» **What to produce**: Copy out exactly the stretch of the listing below that begins at the line containing "Mercedes Benz GLE-Class W167 превью 2" and ends at the line containing "My shirt on", and copy nothing outside it.

========

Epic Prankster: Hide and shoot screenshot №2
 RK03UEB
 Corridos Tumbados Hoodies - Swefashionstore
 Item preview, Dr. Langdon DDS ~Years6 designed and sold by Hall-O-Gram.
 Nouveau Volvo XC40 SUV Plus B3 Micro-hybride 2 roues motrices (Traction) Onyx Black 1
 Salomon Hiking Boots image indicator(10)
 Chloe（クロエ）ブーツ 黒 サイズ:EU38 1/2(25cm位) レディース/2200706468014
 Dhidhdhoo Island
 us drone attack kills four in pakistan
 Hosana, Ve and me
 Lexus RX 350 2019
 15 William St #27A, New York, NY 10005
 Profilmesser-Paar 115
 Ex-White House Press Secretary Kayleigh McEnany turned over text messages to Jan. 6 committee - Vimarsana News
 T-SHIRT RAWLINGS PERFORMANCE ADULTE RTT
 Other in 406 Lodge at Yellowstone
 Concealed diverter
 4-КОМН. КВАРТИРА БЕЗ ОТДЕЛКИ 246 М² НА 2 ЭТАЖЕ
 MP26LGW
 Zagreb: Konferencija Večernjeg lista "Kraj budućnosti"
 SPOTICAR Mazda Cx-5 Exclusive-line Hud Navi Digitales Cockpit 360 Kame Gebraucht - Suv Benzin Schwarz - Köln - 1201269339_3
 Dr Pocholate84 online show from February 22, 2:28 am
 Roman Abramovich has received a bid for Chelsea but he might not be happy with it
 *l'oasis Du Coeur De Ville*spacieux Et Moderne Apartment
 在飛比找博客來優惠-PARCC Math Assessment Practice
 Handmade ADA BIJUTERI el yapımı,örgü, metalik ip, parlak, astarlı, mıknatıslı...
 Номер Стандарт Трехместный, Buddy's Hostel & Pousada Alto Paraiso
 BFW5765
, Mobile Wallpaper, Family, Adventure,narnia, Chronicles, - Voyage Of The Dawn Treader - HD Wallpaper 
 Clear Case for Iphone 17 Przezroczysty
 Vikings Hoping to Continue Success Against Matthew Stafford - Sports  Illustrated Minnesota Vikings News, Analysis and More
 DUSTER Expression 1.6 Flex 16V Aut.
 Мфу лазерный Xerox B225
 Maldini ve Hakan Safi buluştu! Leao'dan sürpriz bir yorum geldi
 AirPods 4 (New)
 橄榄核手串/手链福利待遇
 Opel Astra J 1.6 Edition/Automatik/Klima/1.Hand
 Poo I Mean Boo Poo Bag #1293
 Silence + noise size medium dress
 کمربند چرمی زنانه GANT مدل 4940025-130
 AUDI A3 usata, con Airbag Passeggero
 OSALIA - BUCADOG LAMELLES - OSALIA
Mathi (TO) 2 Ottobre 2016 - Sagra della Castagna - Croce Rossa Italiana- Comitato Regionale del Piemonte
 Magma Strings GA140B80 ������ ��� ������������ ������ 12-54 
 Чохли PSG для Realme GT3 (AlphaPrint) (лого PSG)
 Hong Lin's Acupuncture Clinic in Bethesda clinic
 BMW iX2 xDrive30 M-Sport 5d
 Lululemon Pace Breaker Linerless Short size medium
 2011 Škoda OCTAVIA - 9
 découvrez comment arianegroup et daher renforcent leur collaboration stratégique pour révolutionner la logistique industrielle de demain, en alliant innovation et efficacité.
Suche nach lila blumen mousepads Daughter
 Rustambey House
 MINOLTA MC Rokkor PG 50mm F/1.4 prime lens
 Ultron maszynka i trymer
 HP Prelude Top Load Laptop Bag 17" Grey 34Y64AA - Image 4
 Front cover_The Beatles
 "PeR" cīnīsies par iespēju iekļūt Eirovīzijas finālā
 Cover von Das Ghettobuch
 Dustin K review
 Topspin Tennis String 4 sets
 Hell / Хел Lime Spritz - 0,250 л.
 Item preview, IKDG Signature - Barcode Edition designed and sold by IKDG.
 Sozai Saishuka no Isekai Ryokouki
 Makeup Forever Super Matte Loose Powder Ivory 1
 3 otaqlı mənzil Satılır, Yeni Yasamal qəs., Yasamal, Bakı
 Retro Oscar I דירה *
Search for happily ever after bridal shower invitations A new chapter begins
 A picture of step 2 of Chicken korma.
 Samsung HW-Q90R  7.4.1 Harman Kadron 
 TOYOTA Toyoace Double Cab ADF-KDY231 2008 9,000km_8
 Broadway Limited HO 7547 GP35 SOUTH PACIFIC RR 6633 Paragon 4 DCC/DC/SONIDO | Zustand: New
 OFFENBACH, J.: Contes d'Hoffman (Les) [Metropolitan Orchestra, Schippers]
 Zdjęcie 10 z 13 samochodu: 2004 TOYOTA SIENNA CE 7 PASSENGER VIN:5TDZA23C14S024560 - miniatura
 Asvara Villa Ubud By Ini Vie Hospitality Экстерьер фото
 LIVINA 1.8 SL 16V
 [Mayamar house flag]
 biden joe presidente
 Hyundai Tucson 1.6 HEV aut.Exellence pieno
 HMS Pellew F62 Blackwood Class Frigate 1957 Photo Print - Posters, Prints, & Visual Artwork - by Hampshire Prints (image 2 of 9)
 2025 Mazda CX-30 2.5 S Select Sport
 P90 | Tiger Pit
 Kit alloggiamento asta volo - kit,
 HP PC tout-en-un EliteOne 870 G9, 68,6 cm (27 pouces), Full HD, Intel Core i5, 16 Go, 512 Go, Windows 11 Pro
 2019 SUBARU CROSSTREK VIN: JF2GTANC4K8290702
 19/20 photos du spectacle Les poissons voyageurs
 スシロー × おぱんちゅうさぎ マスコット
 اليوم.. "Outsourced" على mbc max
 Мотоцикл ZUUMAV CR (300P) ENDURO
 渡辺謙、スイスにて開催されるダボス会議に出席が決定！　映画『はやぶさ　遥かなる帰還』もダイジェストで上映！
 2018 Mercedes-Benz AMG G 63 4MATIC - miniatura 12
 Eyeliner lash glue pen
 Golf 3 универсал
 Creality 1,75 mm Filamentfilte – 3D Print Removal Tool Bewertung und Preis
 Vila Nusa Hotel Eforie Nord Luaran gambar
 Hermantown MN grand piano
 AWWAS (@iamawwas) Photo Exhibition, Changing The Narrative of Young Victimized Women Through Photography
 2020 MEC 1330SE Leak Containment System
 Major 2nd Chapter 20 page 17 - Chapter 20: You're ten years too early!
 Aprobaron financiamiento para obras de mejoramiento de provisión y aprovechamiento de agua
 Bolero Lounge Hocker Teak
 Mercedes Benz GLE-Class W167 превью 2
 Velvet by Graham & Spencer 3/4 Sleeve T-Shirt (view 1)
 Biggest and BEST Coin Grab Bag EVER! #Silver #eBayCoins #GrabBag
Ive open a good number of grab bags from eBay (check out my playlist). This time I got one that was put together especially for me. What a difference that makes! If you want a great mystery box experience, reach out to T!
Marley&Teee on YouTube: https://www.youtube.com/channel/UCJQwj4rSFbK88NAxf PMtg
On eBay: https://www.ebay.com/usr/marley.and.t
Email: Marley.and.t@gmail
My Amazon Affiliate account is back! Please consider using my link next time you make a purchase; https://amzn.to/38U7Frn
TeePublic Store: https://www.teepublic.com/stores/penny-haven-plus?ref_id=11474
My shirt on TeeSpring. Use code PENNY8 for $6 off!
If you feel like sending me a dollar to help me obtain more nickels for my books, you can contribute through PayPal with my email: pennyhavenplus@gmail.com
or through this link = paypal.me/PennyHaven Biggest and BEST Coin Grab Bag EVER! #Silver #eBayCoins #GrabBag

========

» **Answer to this problem**:
 Mercedes Benz GLE-Class W167 превью 2
 Velvet by Graham & Spencer 3/4 Sleeve T-Shirt (view 1)
 Biggest and BEST Coin Grab Bag EVER! #Silver #eBayCoins #GrabBag
Ive open a good number of grab bags from eBay (check out my playlist). This time I got one that was put together especially for me. What a difference that makes! If you want a great mystery box experience, reach out to T!
Marley&Teee on YouTube: https://www.youtube.com/channel/UCJQwj4rSFbK88NAxf PMtg
On eBay: https://www.ebay.com/usr/marley.and.t
Email: Marley.and.t@gmail
My Amazon Affiliate account is back! Please consider using my link next time you make a purchase; https://amzn.to/38U7Frn
TeePublic Store: https://www.teepublic.com/stores/penny-haven-plus?ref_id=11474
My shirt on TeeSpring. Use code PENNY8 for $6 off!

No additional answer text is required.